I never go to ‘The Sale' at Harrods or most of the other heavily televised sales.

The reason I never go is because I know that by the time I get there, there will only be the tat left for the likes of me. The real bargains will have gone already.

I imagine the transfer window is something like that – in the summer Billy turned up late at the sales with a fairly slim wallet and a shopping list only to find himself sternly directed to the jumble stall to rummage through what's left over trying to find a bargain here and there. The truth was that the real gems had long gone well before the ‘sales' even began.

When I was at school, if there was a particularly appealing tea with appetising cakes, the big lads – no matter where they were in the queue - would reach over, lick their finger, and put it on their favoured cake, usually the biggest one. That meant that it was reserved for them and no-one else. The more bold smaller boys risked a punch or a kick if they put their licked finger on a particularly favoured cake ahead of one of the bigger lads. But there was some semblance of rules – it wasn't Lord of the Flies run amok. At least everyone got a cake. No-one went around putting their finger encased in saliva on all the cakes they fancied – just the one they liked the best. And no-one nicked a cake that had already been ‘fingered'.

You can't say that about the Premiership. The biggest clubs lick their fingers and put it on their favoured player well before the transfer window (sometimes as long as a year) and if said player likes the attention along with the club's agreement, then it's all over bar the signing on the dotted line and the pay-off to the agent. Sometimes it isn't even one or two but several players. Occasionally there's the suspicion that the finger-licking has been done purely to spite another club or stop them from buying the player rather than from any intrinsic need of improving the squad.

When it's done properly the buying club approaches the selling club and gets agreement first before the player is aware that they've been earmarked to go to a new club in six months time. But now and again, a club chairman will complain that their player was approached without their permission and bleat about “the rules”.

There's a phrase for it – it's called “tapping up”. And it's against the rules. But this rule is rarely enforced. How do you enforce it? There are so many ways around it – clubs players meeting up at international games, agents having a chat, managers calling the injured (?) player to see how they are getting on and so on. Of course, now and again, there's a dispute between the big boys over one player – similar to that of my school days, you would get two burly lads shaping up over who put their finger on the biggest cake first.

What no-one at the FA seems to care about is that ‘tapping up' is a breach of the rules and only now and again a club is ticked off with a derisory fine – see this BBC article.

The Germans are at least more honest about it.
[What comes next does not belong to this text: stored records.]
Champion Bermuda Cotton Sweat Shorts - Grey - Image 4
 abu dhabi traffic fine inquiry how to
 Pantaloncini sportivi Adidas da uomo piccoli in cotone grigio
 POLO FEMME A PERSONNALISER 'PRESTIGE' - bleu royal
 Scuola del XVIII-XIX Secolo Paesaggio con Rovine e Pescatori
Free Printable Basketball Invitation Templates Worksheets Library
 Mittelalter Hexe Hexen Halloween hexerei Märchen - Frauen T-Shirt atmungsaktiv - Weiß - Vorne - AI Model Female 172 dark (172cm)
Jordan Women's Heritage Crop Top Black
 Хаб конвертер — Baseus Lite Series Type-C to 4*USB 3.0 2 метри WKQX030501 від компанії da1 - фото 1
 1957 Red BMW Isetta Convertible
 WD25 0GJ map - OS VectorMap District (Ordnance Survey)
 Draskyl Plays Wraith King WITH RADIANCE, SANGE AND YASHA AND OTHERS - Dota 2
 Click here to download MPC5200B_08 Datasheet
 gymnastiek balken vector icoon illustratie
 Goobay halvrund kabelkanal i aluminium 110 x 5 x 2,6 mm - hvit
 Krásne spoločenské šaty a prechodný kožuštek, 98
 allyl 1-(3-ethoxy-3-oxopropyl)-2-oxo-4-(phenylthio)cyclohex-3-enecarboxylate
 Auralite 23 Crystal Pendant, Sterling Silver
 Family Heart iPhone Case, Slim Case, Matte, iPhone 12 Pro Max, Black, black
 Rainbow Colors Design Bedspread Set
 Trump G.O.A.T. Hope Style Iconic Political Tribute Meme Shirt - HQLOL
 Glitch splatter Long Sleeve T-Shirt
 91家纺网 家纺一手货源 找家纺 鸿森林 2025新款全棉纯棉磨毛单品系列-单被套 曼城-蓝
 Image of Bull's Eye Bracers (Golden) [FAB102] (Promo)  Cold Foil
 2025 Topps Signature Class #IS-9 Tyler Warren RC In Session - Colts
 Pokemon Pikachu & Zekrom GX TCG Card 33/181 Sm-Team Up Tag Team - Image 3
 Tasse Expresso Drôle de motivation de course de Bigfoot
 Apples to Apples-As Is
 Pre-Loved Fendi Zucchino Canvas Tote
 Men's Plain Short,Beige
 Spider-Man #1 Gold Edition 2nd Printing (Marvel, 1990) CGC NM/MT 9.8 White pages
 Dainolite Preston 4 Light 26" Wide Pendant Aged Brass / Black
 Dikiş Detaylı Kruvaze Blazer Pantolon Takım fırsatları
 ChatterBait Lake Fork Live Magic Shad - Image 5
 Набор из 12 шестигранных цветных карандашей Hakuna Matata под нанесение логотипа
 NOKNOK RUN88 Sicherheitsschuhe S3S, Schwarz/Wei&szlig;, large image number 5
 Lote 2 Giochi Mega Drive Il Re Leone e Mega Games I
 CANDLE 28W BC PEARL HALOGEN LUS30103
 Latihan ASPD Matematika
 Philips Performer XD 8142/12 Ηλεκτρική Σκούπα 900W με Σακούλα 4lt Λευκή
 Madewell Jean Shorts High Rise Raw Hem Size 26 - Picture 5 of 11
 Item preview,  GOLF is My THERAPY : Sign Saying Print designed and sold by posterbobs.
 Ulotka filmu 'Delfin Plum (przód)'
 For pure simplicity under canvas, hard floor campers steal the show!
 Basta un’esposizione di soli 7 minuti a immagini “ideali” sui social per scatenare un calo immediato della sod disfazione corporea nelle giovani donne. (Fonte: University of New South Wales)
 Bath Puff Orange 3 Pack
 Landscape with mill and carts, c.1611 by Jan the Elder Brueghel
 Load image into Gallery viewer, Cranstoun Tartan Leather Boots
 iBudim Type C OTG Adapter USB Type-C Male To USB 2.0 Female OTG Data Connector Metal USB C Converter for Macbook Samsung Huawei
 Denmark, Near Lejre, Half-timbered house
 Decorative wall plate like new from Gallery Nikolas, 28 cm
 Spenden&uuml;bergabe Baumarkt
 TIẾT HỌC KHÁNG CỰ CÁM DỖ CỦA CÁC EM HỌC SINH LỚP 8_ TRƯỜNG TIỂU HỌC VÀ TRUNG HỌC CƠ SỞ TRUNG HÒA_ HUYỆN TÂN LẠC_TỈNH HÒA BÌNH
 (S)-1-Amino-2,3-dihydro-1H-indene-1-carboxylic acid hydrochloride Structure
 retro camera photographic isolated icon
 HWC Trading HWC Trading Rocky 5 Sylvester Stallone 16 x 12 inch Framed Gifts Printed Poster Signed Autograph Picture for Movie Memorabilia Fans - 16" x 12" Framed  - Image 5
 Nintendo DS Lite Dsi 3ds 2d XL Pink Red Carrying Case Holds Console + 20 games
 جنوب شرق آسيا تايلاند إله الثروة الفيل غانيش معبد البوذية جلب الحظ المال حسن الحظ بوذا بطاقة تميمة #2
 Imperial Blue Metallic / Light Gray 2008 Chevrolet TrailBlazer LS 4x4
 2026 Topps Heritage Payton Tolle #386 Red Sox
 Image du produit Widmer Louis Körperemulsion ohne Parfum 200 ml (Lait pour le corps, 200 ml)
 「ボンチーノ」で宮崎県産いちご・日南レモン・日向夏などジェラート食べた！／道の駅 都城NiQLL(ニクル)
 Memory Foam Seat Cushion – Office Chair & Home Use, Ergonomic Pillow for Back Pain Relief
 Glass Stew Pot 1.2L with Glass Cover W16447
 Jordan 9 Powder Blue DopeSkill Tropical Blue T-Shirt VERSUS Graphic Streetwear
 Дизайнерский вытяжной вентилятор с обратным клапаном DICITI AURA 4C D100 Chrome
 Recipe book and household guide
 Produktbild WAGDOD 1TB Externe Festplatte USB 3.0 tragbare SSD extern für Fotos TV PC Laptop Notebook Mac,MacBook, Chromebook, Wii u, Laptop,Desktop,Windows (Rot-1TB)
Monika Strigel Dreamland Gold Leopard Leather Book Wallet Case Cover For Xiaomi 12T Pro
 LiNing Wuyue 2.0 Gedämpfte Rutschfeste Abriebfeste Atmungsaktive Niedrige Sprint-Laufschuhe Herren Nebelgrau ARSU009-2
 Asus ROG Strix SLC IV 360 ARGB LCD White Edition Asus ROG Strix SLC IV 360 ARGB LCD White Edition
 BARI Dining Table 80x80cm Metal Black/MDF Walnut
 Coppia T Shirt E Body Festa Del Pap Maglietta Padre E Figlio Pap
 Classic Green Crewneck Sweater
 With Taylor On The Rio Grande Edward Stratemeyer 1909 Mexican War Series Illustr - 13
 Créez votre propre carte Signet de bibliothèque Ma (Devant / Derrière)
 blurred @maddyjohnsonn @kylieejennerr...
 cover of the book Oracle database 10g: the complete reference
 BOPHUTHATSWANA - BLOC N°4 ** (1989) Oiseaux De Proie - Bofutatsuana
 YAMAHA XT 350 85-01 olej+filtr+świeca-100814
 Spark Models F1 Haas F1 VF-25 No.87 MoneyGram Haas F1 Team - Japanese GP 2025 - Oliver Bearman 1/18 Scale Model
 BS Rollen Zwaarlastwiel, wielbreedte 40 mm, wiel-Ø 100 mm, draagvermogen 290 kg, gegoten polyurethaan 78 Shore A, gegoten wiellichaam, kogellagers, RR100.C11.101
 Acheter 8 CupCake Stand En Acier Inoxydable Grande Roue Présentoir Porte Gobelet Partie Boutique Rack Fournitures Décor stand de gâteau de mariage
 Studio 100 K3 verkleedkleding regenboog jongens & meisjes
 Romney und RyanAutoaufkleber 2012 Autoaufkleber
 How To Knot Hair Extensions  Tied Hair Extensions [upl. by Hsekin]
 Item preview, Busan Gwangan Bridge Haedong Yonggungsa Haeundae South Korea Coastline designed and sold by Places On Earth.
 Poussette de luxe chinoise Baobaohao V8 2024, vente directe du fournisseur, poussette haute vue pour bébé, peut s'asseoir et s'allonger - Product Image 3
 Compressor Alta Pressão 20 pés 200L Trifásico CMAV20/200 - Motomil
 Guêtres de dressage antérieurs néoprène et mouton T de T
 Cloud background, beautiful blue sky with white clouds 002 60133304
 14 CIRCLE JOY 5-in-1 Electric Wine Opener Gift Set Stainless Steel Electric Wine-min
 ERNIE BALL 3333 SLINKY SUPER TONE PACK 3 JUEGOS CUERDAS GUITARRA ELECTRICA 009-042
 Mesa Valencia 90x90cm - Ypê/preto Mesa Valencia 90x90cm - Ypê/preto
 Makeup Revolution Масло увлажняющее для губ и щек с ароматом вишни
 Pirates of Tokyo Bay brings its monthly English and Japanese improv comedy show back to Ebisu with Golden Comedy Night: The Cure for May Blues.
A player who wants to play for Bayern Munich simply signs a kind of pre-nuptial agreement and then off they go to BM at the end of the season and everyone knows they're going.

This finger-licking business – with or without the club's permission – means that for the likes of us, we're reduced to the leftovers or the jumble as far as the Premiership is concerned which is partly why managers like Coppell and Megson are calling for the abolition of the transfer window.

It is a pernicious business but I think that for Derby County the silver lining in the cloud is that with Parachute money, and possibly the American investment, we're going to be doing a fair amount of finger-licking ourselves for the Championship season. We can pick off a couple of the best Championship players, a few of the better players in the twilight relegation zone of the Premiership and maybe one or two of the fringe players from the Premiership mid-table teams who want a more regular game. And of course, there are those plying their trade abroad who want to come and don't mind too much where they come as long as there's a chance of playing in the Premiership.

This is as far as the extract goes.